Figure 3 presents the MSE of ${\hat{β}}_{1}$ and CARE of ML+ISS compared to FC. For most scenarios, there were no considerable differences in terms of MSE of ${\hat{β}}_{1}$ between the methods. However, ML+ISS yielded in some cases much larger sample sizes $N_{n e w}$ with the average sample size ${\bar{N}}_{n e w}$ up to 11.8 times higher than the original $N$ and a maximum difference between $N_{n e w}$ and $N$ of 6424 observations. Therefore, FC was a more efficient estimator in all but four scenarios, and in these four scenarios, CARE was very close to one. Interestingly, even with sample sizes of $N = 500$ , FC usually performed slightly better than ML+ISS. In extreme situations with the highest values of $β_{1}$ and small sample sizes of $N = 80$ , the MSE by FC was poor in absolute terms and could only slightly be improved by ML+ISS. The improvement came at the cost of much higher sample sizes, such that FC was substantially more efficient (CARE >> 1). FC often achieved reasonably small MSE even with large proportions of separation, but it failed considerably in small sample situations ( $N = 80$ ) with strongest effects of $β_{1}$ and $E (Y) = 0.1$ , and in all small sample situations with $E (Y) = 0.1$ and $K = 10$ covariates included in the model. In the latter situations, ML+ISS as well yielded very unstable regression coefficient estimates with an extremely large MSE. As expected, by increasing the sample size, FC+ISS most often reduced the MSE of FC. However, it also occurred that the MSE was slightly increased despite the larger sample size: In some scenarios where bias towards zero was smaller for FC+ISS than FC, the latter yielded lower MSE, and, notably, in a few scenarios, FC outperformed FC+ISS with respect to both bias and the MSE.

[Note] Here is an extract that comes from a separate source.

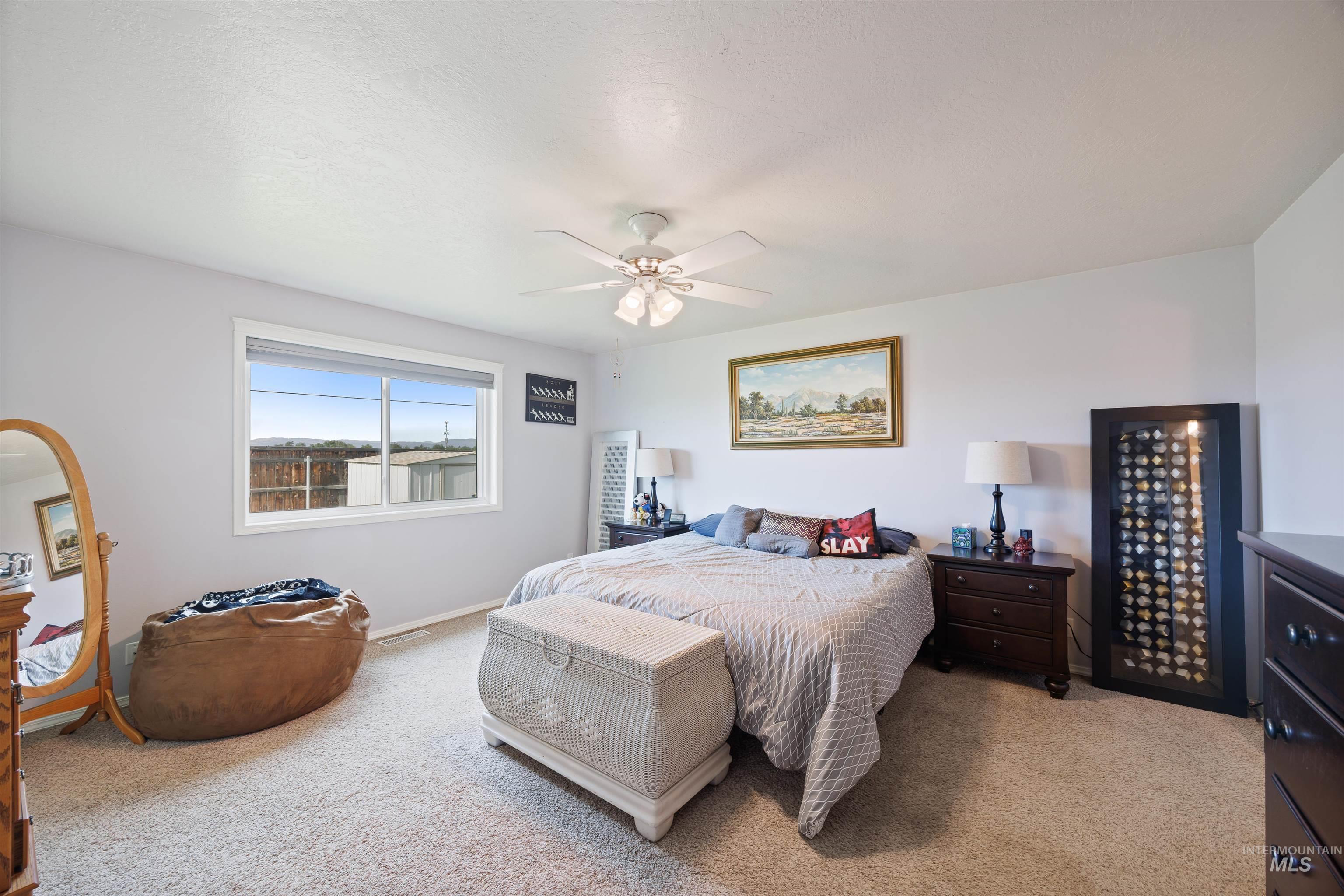 Bedroom with carpet flooring and ceiling fan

Nested loop plot of the mean squared error (MSE) of ${\hat{β}}_{1}$ by the expected value of $Y,$ $E (Y) \in \{0.1, 0.25\},$ the number of covariates $K \in \{2, 5, 10\}$ , the value of $β_{1} \in \{0, 0.35, 1.39, 2.77\},$ and the sample size $N \in \{80, 200, 500\}$ for all simulated scenarios. In addition, CARE as defined in Equation (4) is shown by $+$ , where $CARE > 1$ suggests that ML+ISS is a less efficient estimator than FC. The results for ML+ISS for $E (Y) = 0.1$ , $K = 10$ and $N = 80$ are outside of the plot range. The CARE for some scenarios with $E (Y) = 0.1$ and $N = 80$ also lies outside of the plot range. FC, Firth’s correction; ML+ISS, maximum likelihood combined with the increasing sample size approach; FC+ISS, Firth’s correction combined with the increasing sample size approach; CARE, cost-adjusted relative efficiency.

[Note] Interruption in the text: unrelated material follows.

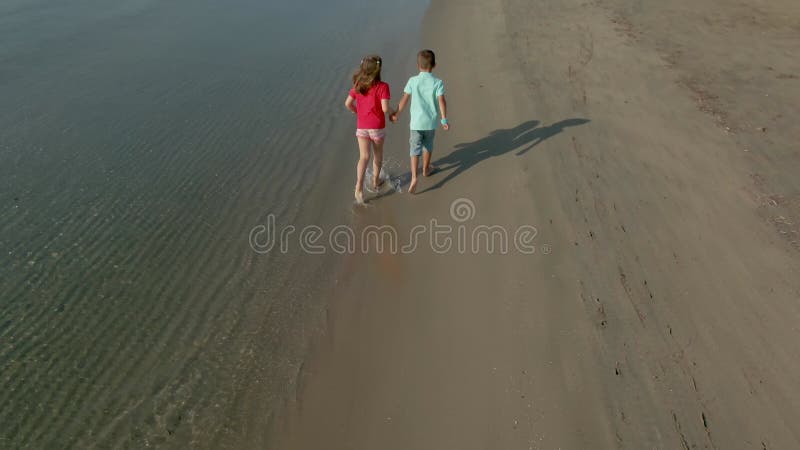 мальчик и девочка в купальнике бегают по берегу моря, держась за руки видеоматериал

Throughout scenarios with $β_{1} = 0$ and $E (Y) = 0.25$ , the type I error rate for FC was closest to the nominal level of 5%, while by ML+ISS and FC+ISS, the null hypothesis was on average rejected with slightly lower probability. The mean type I error rate over all these scenarios was 4.8% for FC, and 4.6% for ML+ISS and FL+ISS. In scenarios with $E (Y) = 0.1,$ all three approaches tended to be conservative; the type I error rate was on average 3.6% for FC and FC+ISS and 3.3% for ML+ISS. FC+ISS had the largest power throughout scenarios with a nonzero effect of $β_{1}$ . However, in scenarios with larger sample sizes of $N = 500$ , all approaches resulted in similar power, ML+ISS performing slightly worse than FC and FC+ISS whenever $E (Y) = 0.1$ . The power of FC was distinctively lower than the power of FC+ISS or ML+ISS in small sample situations with strong effects; throughout all scenarios with a sample size of $N = 80$ and $E (Y) = 0.1,$ its power stayed close to the $α$ level of 5% irrespective of $β_{1}$ . The mean power to detect $β_{1} \neq 0$ over all scenarios with $E (Y) = 0.25$ was 49.7% for FC, 49.8% for ML+ISS, and 52% for FC+ISS, and for $E (Y) = 0.1,$ the mean power was 25.9% for FC, 33.7% for ML+ISS, and 38.2% for FC+ISS, respectively. See Figure S1 in Supplementary Materials for detailed results on power and type I error rate for $β_{1}$ over all simulated scenarios.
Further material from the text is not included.